With the optimal conditions in hand, we next sought to explore the substrate scope of this red-light-induced [3+2] cycloaddition (Scheme [2]). By using styrene (2a) as a model substrate, cyclopropylamines 1a–f with various aromatic groups were tested. The electronic properties or substitution patterns on the phenyl ring of 1 had little effect on the reaction outcome, and the corresponding cyclopentane derivatives 3a–f were obtained in yields of 60–93%. For example, substrate 1b with a phenyl group in the ortho-position gave the desired product 3b smoothly in 68% yield. Product 3c was isolated in 60% yield when styrene derivative 1c with a trifluoromethyl group at the meta-position reacted with 2a. In addition, 1d and 1e with methyl and chloro groups, respectively, in their para-positions provided the five-membered carbocycles 3d and 3e in moderate yields. Alkene 1f with a 3-pyridyl group was also suitable for this [3+2] annulation, furnishing 3f in 80% yield. Then, a wide range of alkenes 2b–i with diverse useful functional groups such as cyano (2b), ketone (2c), ester (2d), or halo (2e and 2f) were examined, and all reacted smoothly with N-cyclopropylaniline (1a). In detail, olefins 2b–d with strong electron-withdrawing groups afforded products 3g–i in yields of 61–95%. Products 3j–n were also obtained in yields of 62–91% when styrene derivatives 2e–i reacted with 1a. Although the reaction showed relatively poor diastereoselectivity, most pairs of trans- and cis-diastereomers were fully isolated by flash column chromatography, except for 3b, 3c, 3j, and 3m.

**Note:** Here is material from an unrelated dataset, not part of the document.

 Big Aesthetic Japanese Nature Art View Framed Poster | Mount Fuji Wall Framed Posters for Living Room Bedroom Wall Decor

Notably, under the optimal reaction conditions, the [3+2] addition of cyclopropylamine with alkynes could also be achieved with a broad range of substrates (Scheme [3]). The corresponding cyclopentene products 5a–d were obtained in yields of 71–81% when electron-neutral, electron-deficient, or electron-rich terminal alkynes 4a–d reacted with 1a. Moreover, the dialkyne substrate 4e was also compatible under the standard reaction conditions, affording the desired product 5e in 65% yield. When internal alkynes 4f and 4g were tested, the desired products 5f and 5g were smoothly obtained, albeit in somewhat lower yields, possibly due to steric effects. It is also noteworthy that 5e was obtained in a much higher yield compared with that reported in the literature,[10d] presumably due to the relatively milder condition with red light in this protocol.

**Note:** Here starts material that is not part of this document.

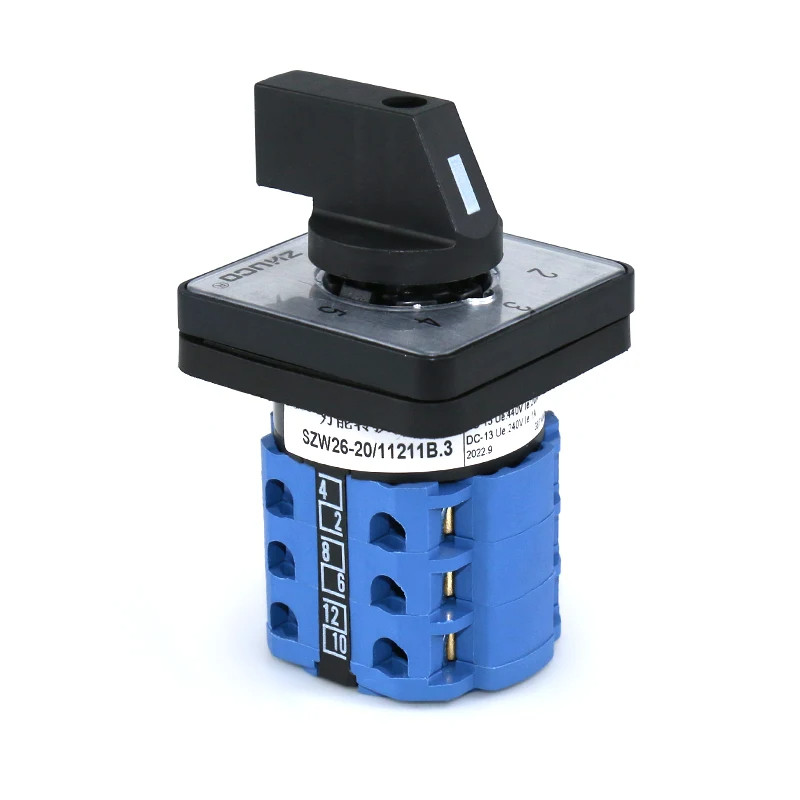 20A Changeover Switch Rotary Selector Cam 660V 5 Position 3 Phase Panel Mounted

On the basis of previous work,[10] [13] [14] we propose the reaction mechanism for these transformations that is shown in Scheme [4]. First, ⁿPr-DMQA⁺*, formed by irradiation with red light, undergoes a single-electron-transfer process with the cyclopropylamine 1a to generate the nitrogen radical cation intermediate A. Due to the inherent torsional and angular strain of the cyclopropane ring, A undergoes β-scission of this ring to form the β-carbon radical iminium ion B, which attacks styrene (2a) to produce another stabilized distonic radical cation species C. Intramolecular addition of the in situ-formed radical to the iminium ion in intermediate C furnishes another nitrogen radical cation species D. Lastly, D is reduced by the ⁿPr-DMQA^∙ to form the final product 3a, together with ground-state ⁿPr-DMQA⁺, completing the catalytic cycle.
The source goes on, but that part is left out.